Prince-abbot
A Prince-abbot (German: Fürstabt) is a title for a cleric who is a Prince of the Church (like a Prince-bishop), in the sense of an ex officio temporal lord of a feudal entity, notably a State of the Holy Roman Empire. The secular territory ruled by the head of an abbey is known as Prince-abbacy or Abbey-principality. The holder, however, does not hold the ecclesiastical office of a Bishop.
The designated abbey may be a community of either monks or nuns. Thus, because of the possibility of it being a female monastery, an abbey-principality is one of the few cases in which the rule can be restricted to female incumbents, styled Princess-Abbess.

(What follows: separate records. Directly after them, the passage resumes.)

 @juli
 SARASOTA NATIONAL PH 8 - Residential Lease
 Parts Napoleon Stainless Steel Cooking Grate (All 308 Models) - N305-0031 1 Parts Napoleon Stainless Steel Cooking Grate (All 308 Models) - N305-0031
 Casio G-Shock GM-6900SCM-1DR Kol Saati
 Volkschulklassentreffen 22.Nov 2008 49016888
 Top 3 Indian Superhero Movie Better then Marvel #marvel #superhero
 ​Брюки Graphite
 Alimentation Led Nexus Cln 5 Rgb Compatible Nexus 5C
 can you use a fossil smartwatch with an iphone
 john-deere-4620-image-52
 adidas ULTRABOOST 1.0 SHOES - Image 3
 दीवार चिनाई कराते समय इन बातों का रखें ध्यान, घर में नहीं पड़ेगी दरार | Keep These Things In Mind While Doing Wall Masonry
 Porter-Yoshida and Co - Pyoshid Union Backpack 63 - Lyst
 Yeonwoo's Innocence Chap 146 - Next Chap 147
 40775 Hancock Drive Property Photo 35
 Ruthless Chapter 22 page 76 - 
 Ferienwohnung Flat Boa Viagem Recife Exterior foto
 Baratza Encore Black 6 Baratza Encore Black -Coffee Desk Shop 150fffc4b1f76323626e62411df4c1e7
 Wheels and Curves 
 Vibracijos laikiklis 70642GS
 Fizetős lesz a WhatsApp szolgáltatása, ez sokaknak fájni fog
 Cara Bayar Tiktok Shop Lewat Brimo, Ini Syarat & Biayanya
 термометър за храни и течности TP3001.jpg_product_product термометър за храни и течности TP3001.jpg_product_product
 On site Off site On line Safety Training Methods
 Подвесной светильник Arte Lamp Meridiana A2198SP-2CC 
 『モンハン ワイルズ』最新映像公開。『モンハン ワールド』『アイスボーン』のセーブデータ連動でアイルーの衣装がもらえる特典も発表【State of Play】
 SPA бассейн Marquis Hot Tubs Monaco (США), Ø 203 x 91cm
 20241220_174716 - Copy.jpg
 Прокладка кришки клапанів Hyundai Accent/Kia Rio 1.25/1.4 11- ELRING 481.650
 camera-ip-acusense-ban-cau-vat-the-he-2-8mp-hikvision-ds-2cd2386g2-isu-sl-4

In some cases, the holder was a Prince of the Holy Roman Empire (Reichsfürst), with a seat and a direct vote (votum virile) in the Imperial Diet. Most immediate abbots however, while bearing the title of a "Prince-Abbot", only held the status of an Imperial prelate with a collective vote in the Imperial Diet. Actual Prince-Abbots were:
- the Abbot of Fulda, "Archchancellor of the Empress", according to a 1220 decree by Emperor Frederick II, elevated to a Prince-Bishopric by Pope Benedict XIV in 1752
- the Abbot of Prüm, elevated by Emperor Frederick II in 1222, held in personal union by the Archbishop of Trier from 1576
- the Abbot of Kempten, confirmed by King Charles IV in 1348
- the Abbot of Murbach, elevated by King Ferdinand I in 1548
- the Abbot of Stavelot-Malmedy
- the Abbot of Corvey, elevated to a Prince-Bishop in 1792
The Imperial prelates were represented in the Diet by the envoys of the Swabian and Rhenish College, both holding one collective vote.
Other examples include the Abbot Nullius of Pinerolo in the Piedmont, Italy and Belmont Abbey, North Carolina, which had the status of an Abbey Nullius until 1977.